Would you retype the whole listing verbatim, keeping pictures out of it?

• SOURCE MATERIAL:
_____

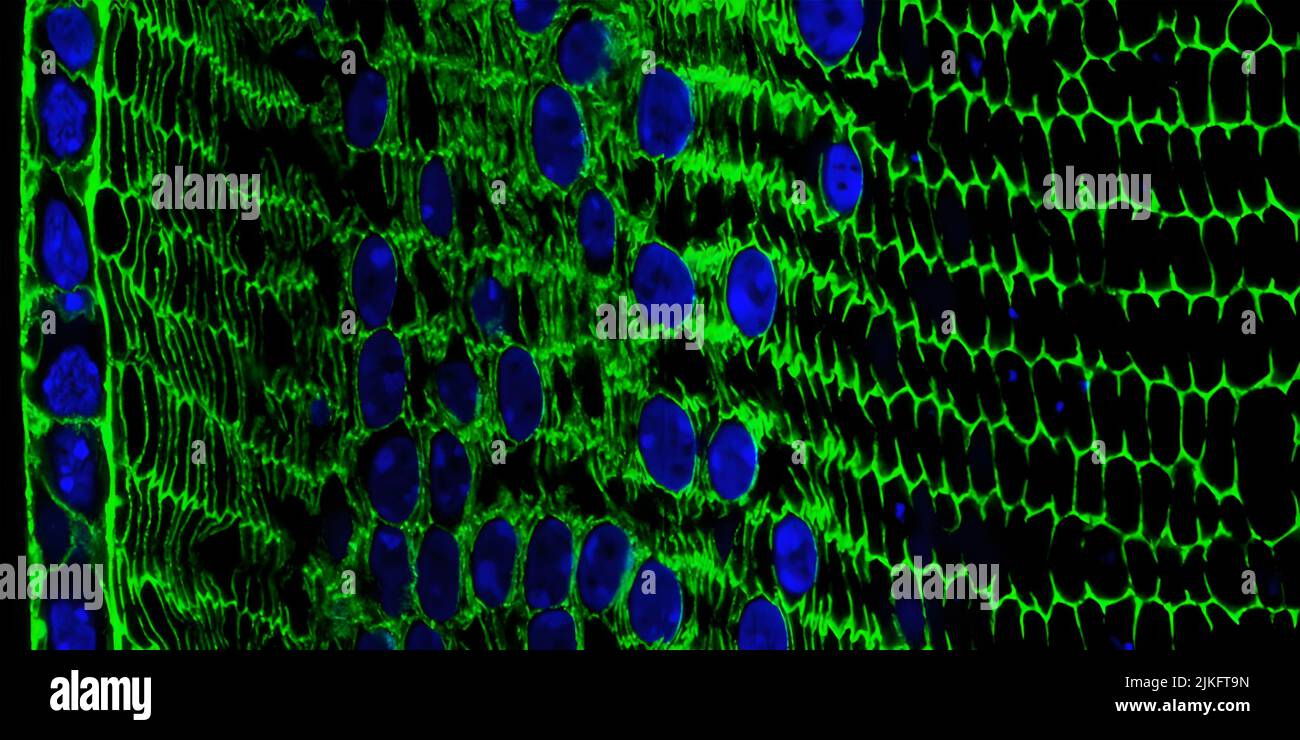 Hier sehen Sie den Entwicklungsprozess der Linse in einem Gewebequerschnitt einer erwachsenen Maus. Bei Mäusen wie beim Menschen entstehen durch eine einzige Schicht von stabartigen Epithelzellen (ganz links, blau/grün) lebenslang spezialisierte Linsenzellen (Mitte, blau/grün). Die neuen Zellen ähneln ihren Vorläuferzellen, mit den Kernen (blau) und dem Zytoskelett-Protein Actin (grün). Aber bald werden diese Zellen große Mengen wasserlöslicher Proteine produzieren, die als kristalline Proteine bezeichnet werden, um ihre Transparenz zu verbessern, während sie ihre Kerne allmählich auflösen, um die Lichtstreuungsmasse zu beseitigen. Stockfoto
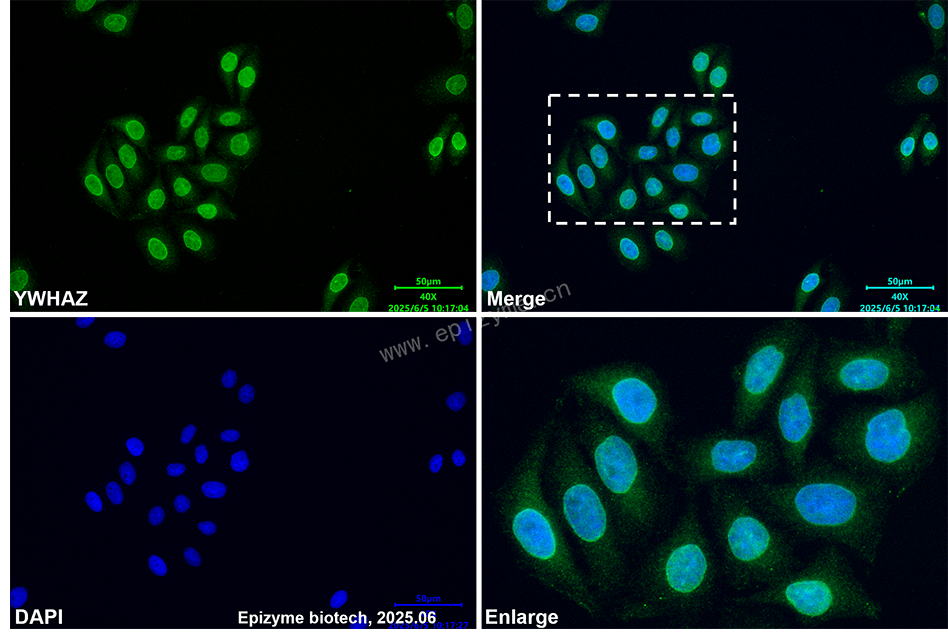 Anti-14-3-3 zeta Mouse mAb [77D48L02]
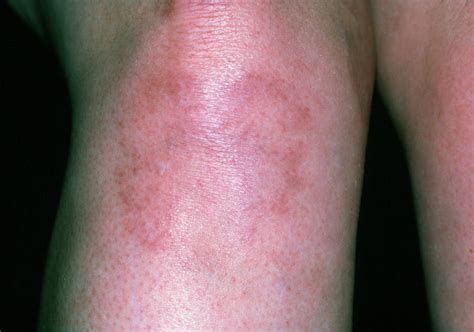 Systemic Lupus Erythematosus Rash On Woman's Leg Photograph by Dr P ...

_____

• SOLVED PROBLEM:
 Hier sehen Sie den Entwicklungsprozess der Linse in einem Gewebequerschnitt einer erwachsenen Maus. Bei Mäusen wie beim Menschen entstehen durch eine einzige Schicht von stabartigen Epithelzellen (ganz links, blau/grün) lebenslang spezialisierte Linsenzellen (Mitte, blau/grün). Die neuen Zellen ähneln ihren Vorläuferzellen, mit den Kernen (blau) und dem Zytoskelett-Protein Actin (grün). Aber bald werden diese Zellen große Mengen wasserlöslicher Proteine produzieren, die als kristalline Proteine bezeichnet werden, um ihre Transparenz zu verbessern, während sie ihre Kerne allmählich auflösen, um die Lichtstreuungsmasse zu beseitigen. Stockfoto
 Anti-14-3-3 zeta Mouse mAb [77D48L02]
 Systemic Lupus Erythematosus Rash On Woman's Leg Photograph by Dr P ...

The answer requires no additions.